Start of Block
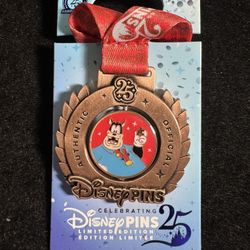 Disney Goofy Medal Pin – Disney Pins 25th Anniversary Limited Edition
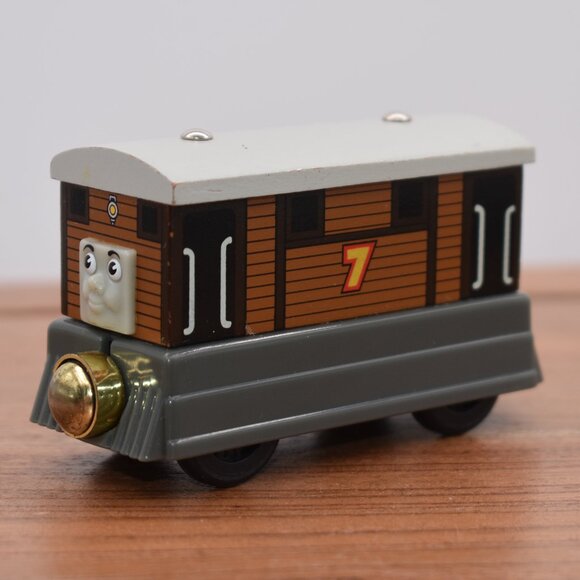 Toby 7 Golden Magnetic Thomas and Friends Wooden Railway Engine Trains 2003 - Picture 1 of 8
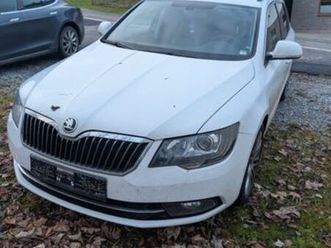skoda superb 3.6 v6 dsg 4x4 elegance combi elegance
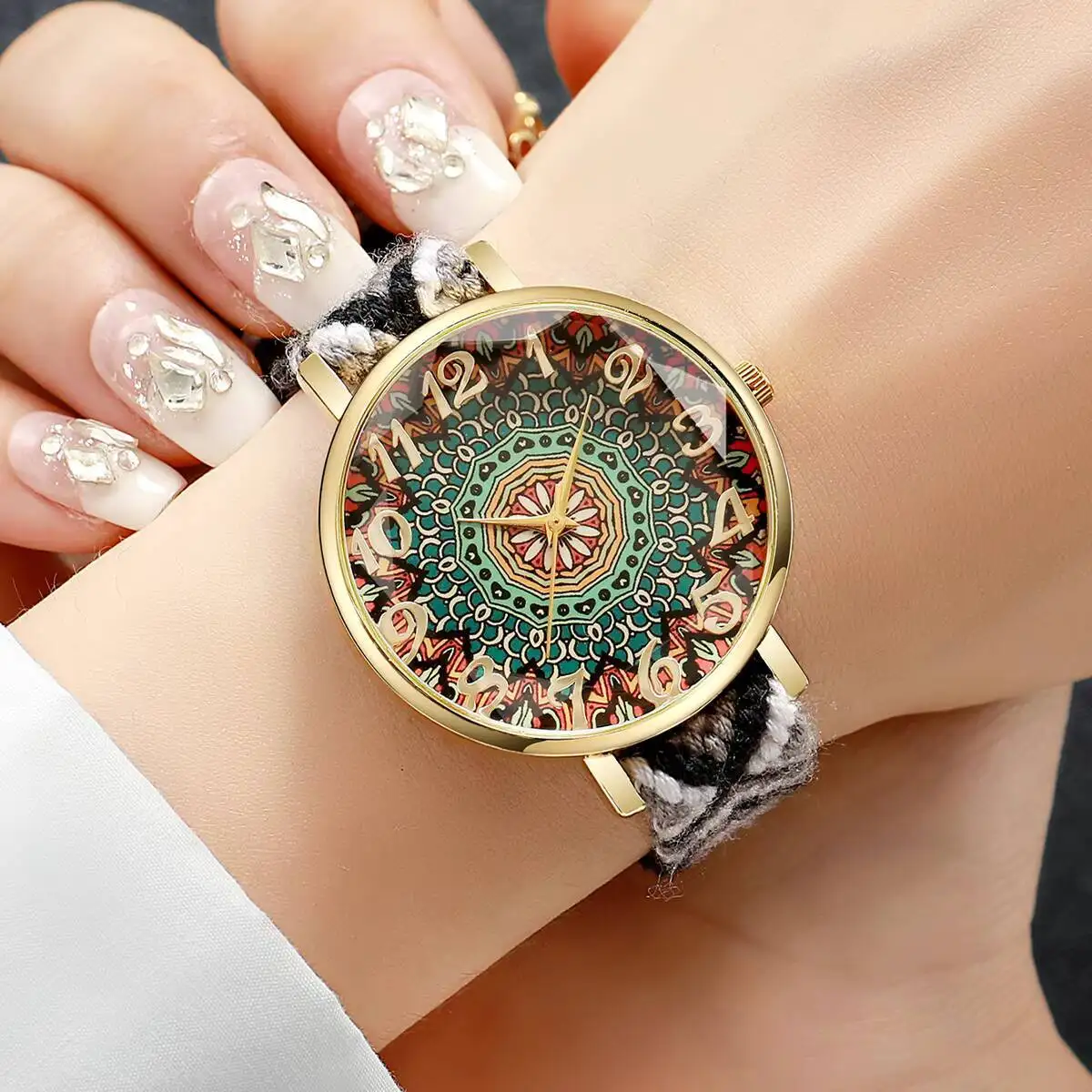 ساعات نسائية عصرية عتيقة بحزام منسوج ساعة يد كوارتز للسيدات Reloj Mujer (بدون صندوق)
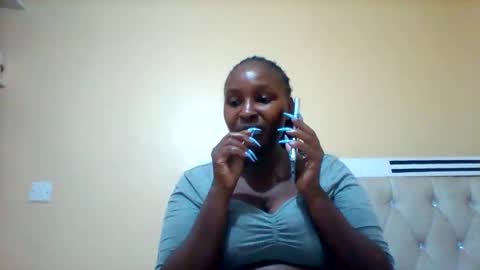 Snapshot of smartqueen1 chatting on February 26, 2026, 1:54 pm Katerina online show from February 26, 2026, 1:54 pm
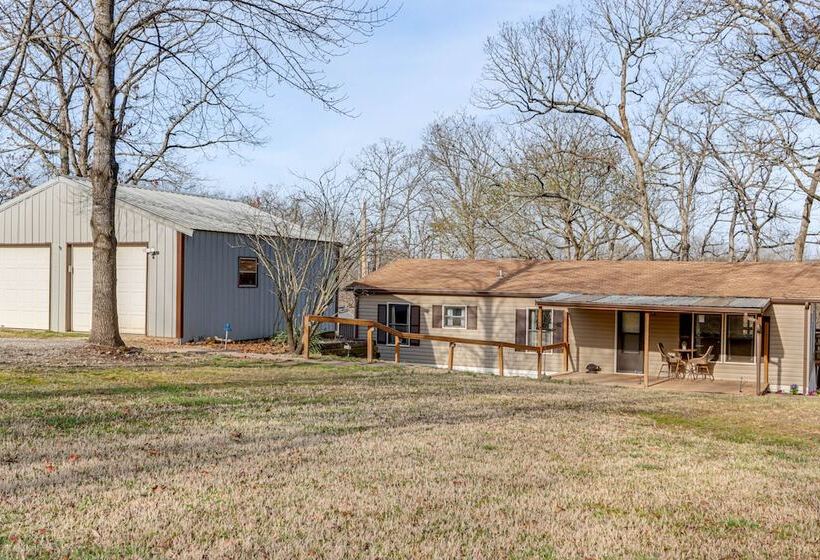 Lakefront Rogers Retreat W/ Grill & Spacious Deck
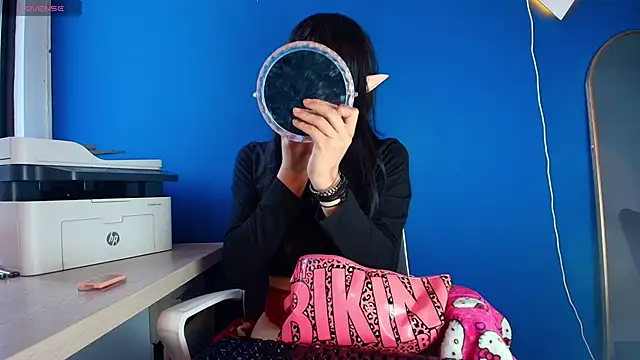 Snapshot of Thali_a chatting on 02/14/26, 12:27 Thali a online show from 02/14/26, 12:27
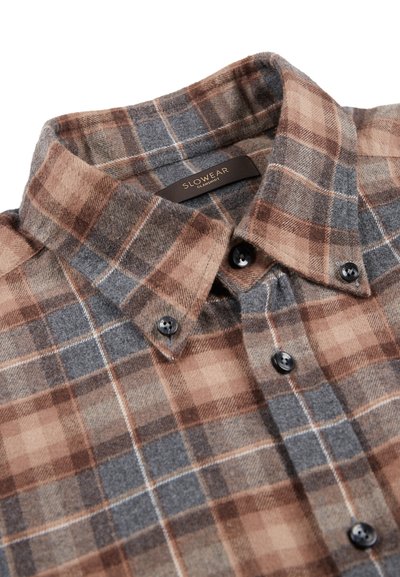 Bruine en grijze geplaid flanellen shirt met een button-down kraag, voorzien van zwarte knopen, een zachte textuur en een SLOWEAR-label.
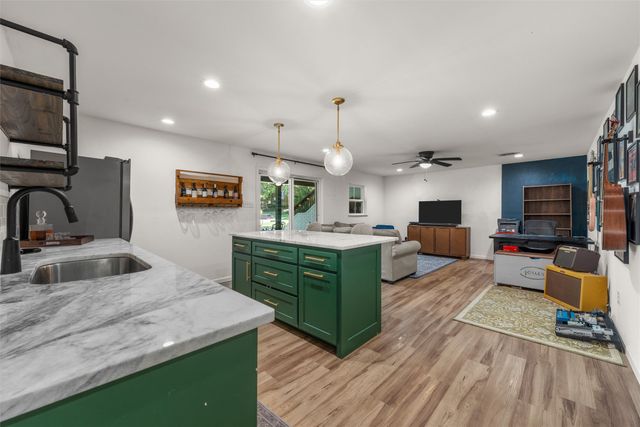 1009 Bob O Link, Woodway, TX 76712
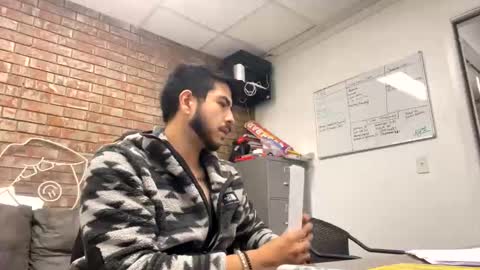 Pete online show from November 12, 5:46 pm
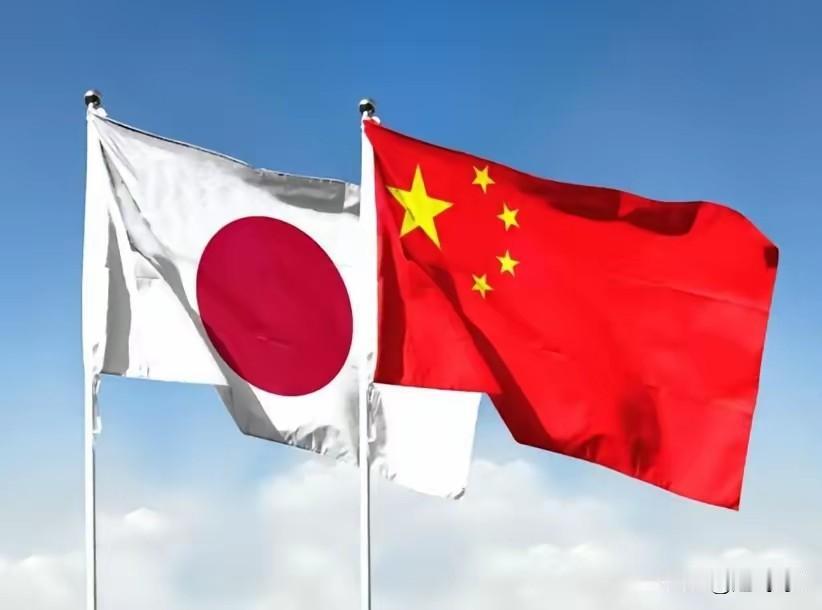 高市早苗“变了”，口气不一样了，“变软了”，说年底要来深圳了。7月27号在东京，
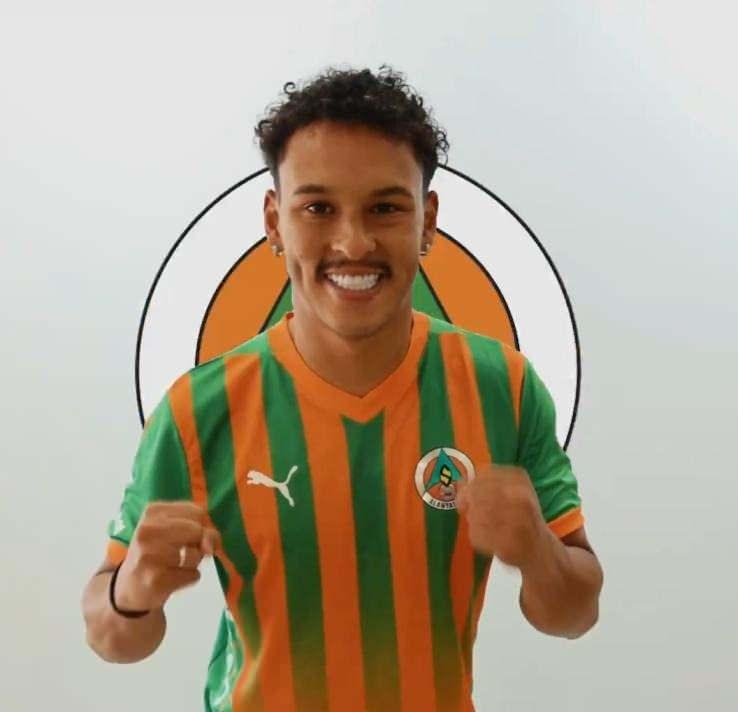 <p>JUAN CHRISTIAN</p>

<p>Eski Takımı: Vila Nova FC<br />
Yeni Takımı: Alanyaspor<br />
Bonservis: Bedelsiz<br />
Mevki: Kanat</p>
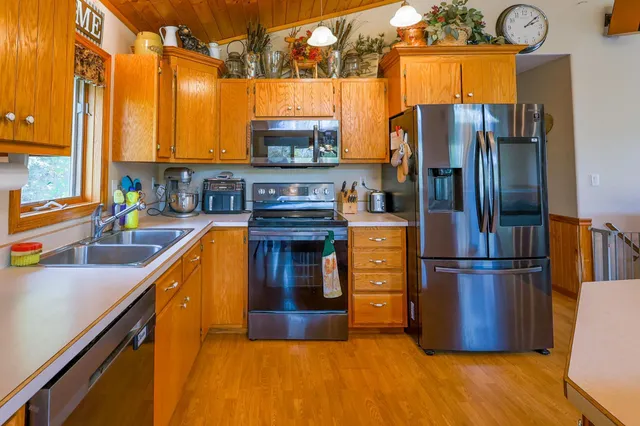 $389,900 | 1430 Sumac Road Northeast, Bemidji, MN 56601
End of Block
## [Problem statement]
Return the whole listing exactly, minus its pictures.

## [Reply to the exercise]
 Disney Goofy Medal Pin – Disney Pins 25th Anniversary Limited Edition
 Toby 7 Golden Magnetic Thomas and Friends Wooden Railway Engine Trains 2003 - Picture 1 of 8
skoda superb 3.6 v6 dsg 4x4 elegance combi elegance
 ساعات نسائية عصرية عتيقة بحزام منسوج ساعة يد كوارتز للسيدات Reloj Mujer (بدون صندوق)
 Snapshot of smartqueen1 chatting on February 26, 2026, 1:54 pm Katerina online show from February 26, 2026, 1:54 pm
 Lakefront Rogers Retreat W/ Grill & Spacious Deck
 Snapshot of Thali_a chatting on 02/14/26, 12:27 Thali a online show from 02/14/26, 12:27
 Bruine en grijze geplaid flanellen shirt met een button-down kraag, voorzien van zwarte knopen, een zachte textuur en een SLOWEAR-label.
 1009 Bob O Link, Woodway, TX 76712
 Pete online show from November 12, 5:46 pm
 高市早苗“变了”，口气不一样了，“变软了”，说年底要来深圳了。7月27号在东京，
 <p>JUAN CHRISTIAN</p>

<p>Eski Takımı: Vila Nova FC<br />
Yeni Takımı: Alanyaspor<br />
Bonservis: Bedelsiz<br />
Mevki: Kanat</p>
 $389,900 | 1430 Sumac Road Northeast, Bemidji, MN 56601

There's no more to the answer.